### Exercise
Look through the entries below for the line with "[부동산R114 제공]" and the line with "Продаж діючої пилорами", then give again exactly those two lines and all lines between them, minus the pictures.

### Study material
_ _ _

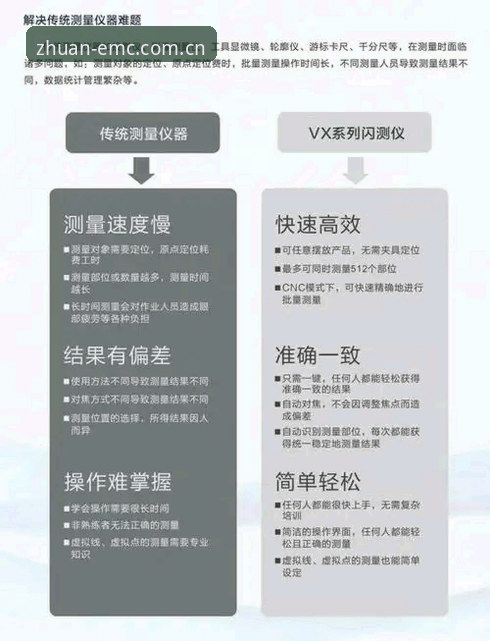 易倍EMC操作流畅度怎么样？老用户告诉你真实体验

_ _ _

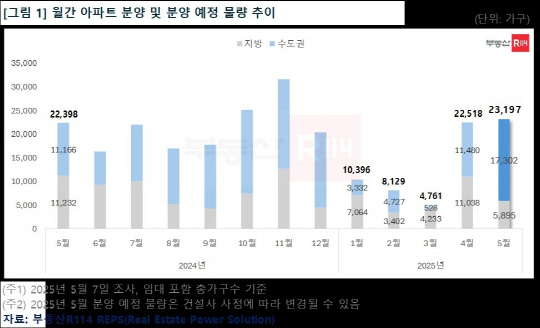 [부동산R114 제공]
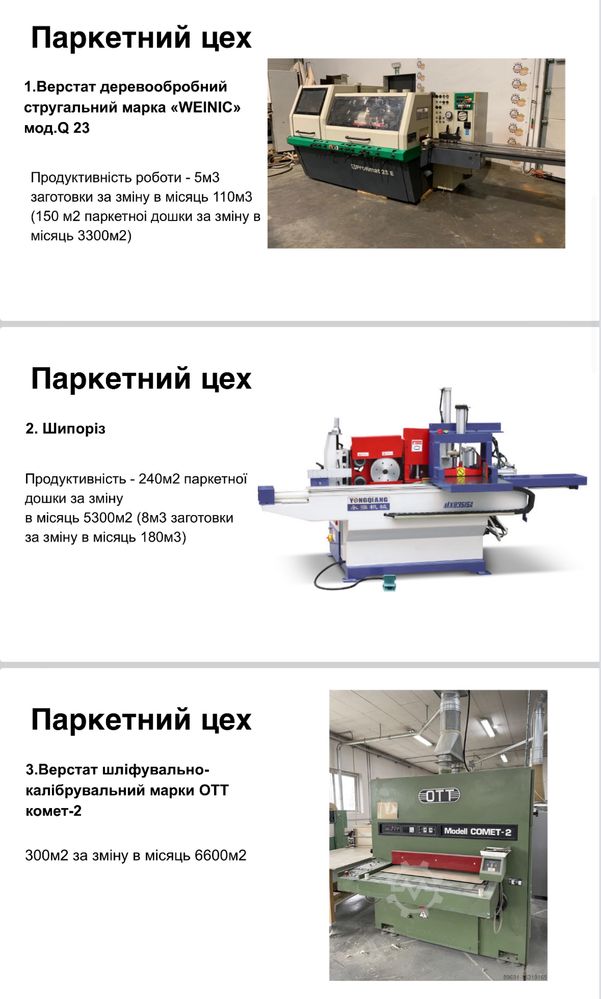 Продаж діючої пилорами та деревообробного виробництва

_ _ _

### Result of the exercise
 [부동산R114 제공]
 Продаж діючої пилорами та деревообробного виробництва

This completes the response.